A little about me, I’m an avid backpacker, and take my backpacking as serious as I do my tea. And I’m a light-weight packer, by this I mean I can spend a week in the back country with a back that weighs 30lbs or less, yes that includes food and 56 oz of water. I tell you this so you keep in mind I don’t like packing anything beyond the necessities, even for tea.
Now my problem is that I’ve never been able to combine my love for fine teas and backpacking, too many logistical challenges and its not like their is a huge market for that kind of tea-ware. So I take bagged tea, one of the few times I willing drink tea from a tea bag, and like it :).
So I was pleasantly surprised when I walked into my local REI today, shopping for a 3 day trip I am going on this weekend, and saw four different tea brewing products designed for backpackers. Needless to say the other customers probably didn’t understand singing “celebrate good times” and did a little dance.
So I was curious if their are any fellow backpackers here on steepster, how do you get your tea fix when your in the backcountry? And a side question what is the highest elevation you’ve enjoyed a cup of tea at?
Mine is 10K, now this is probably not fair since I used to live at that elevation.
Cheers and Have a Great Weekend!
I am a very clumsy backpacker. The only thing I like about backpacking is it can take me to places where I can’t get by other means. But all the walking and carrying (and no bath room no shower…) is quite tough for me. So I’ve never carried tea with me on backpacking trips, not even coffee. My fellow backpackers are not tea drinkers. So far what’s seen on the campground is only alcohol :-p
But I will see what interesting methods people would use! So far the easiest I could think of is cold brewing. I don’t really feel like to take tea after three days no shower :-p But it’s just me.
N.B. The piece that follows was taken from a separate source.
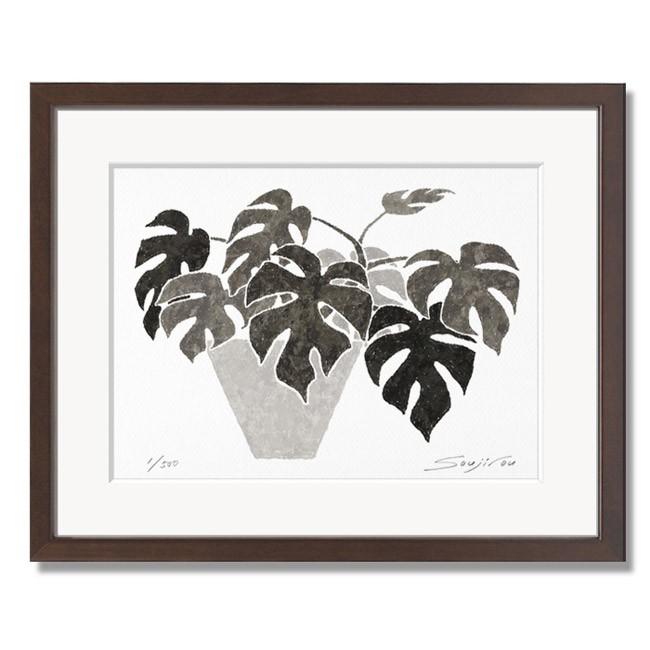 絵画 インテリア おしゃれ 絵 壁掛け 玄関 ニッチアイテム 飾る モンステラミニマ プレゼント ギフト対応 母の日 お祝い 版画 アートギフト Sjr Mp 016b Art Lab Yahoo 店 通販 Yahoo ショッピング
I feel I wasn’t born for backpacking, but just got dragged into it.
My highest elevation of tea drinking is in Yunnan, Lijiang. I guess it’s sort of 9-10k. But I guess the tea was boiled on stove-top, and it was sort of puerh+herbs, as I later figured out.
Can I ask what the products that you saw in REI were? Are they on the website? My tea obsession is only a little over a year old, so I haven’t spent any time trying to enjoy my tea in the wilderness yet. I’m not a backpacker, but I do camp for ~2 month stretches when I am on paleontological expeditions, and your topic has gotten me to thinking what I would do about tea during that time. I have drunk tea during expeditions, but usually just the crappy local tea bags (even worse than American), and I’m not sure I’ll want to go back to that next summer. I’m not limited by weight, but I would need some quick and non-fussy method. Of course my other problem is heat: any tea I brought with me would inevitably be subjected to very extreme heat during the day, so I’m probably better off sticking to not my favorites!
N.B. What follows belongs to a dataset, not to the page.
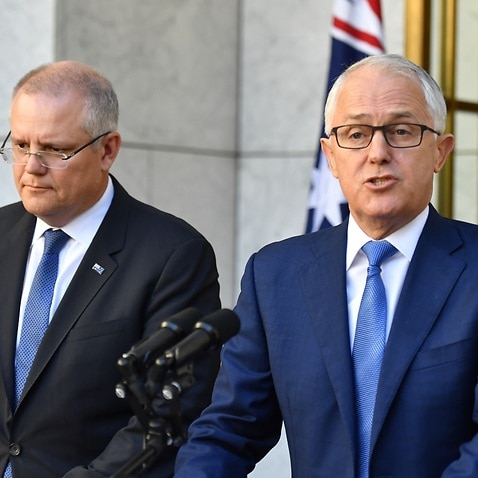 File: Treasurer Scott Morrison and Prime Minister Malcolm Turnbull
The highest elevation that I know I’ve had tea is only about 2k
When I went camping, all I could figure out was that matcha shaken vigorously in a water bottle actually tastes decent, and does foam up a little as well.
It’s good to know there are options out there besides that!
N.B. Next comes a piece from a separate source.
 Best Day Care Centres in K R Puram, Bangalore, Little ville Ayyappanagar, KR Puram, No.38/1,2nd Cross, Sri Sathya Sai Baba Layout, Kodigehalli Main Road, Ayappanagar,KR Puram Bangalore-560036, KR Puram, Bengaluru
I think these are what STS mentioned about REI tea gears?
And for Canadians, here are from MEC (a lot of them are actually for coffee though)
old topic i’m drudging up!
i enjoy trail running which means i tend to camp overnight, and then run, and then camp overnight, and then run… you get the idea.
but since if i do hike in, it’s not usually very far, i am not necessarily a lightweight packer.
i will still find room for the tea essentials no matter what. and i usually have a mini stove with me for heating water. that way i can make some tea quickly first thing in the morning, and then start a fire for lunch and relaxation after i get back from my long run. i guess tea is part of running for me.
(also i will admit, when it comes to trail running, sometimes the mountains and hills make it much more like a hike than a run hah)
When I saw the title of this thread I thought it was about drinking tea before or after a 10k (6.1 mile)race!
I don’t climb but beside running, I do sometimes hike and travel a lot. In many restaurant supply stores you can find small (10z, 3-4 in) stainless steel teapots imported from China. Before heading out, I fill a plastic baggy with leaves of my tea of choice, scrunch it into the metal pot and put it into my pack or luggage. Then I always have a portable, indistructable tea pot with me so that I’m never reduced to using bags when hiking or traveling.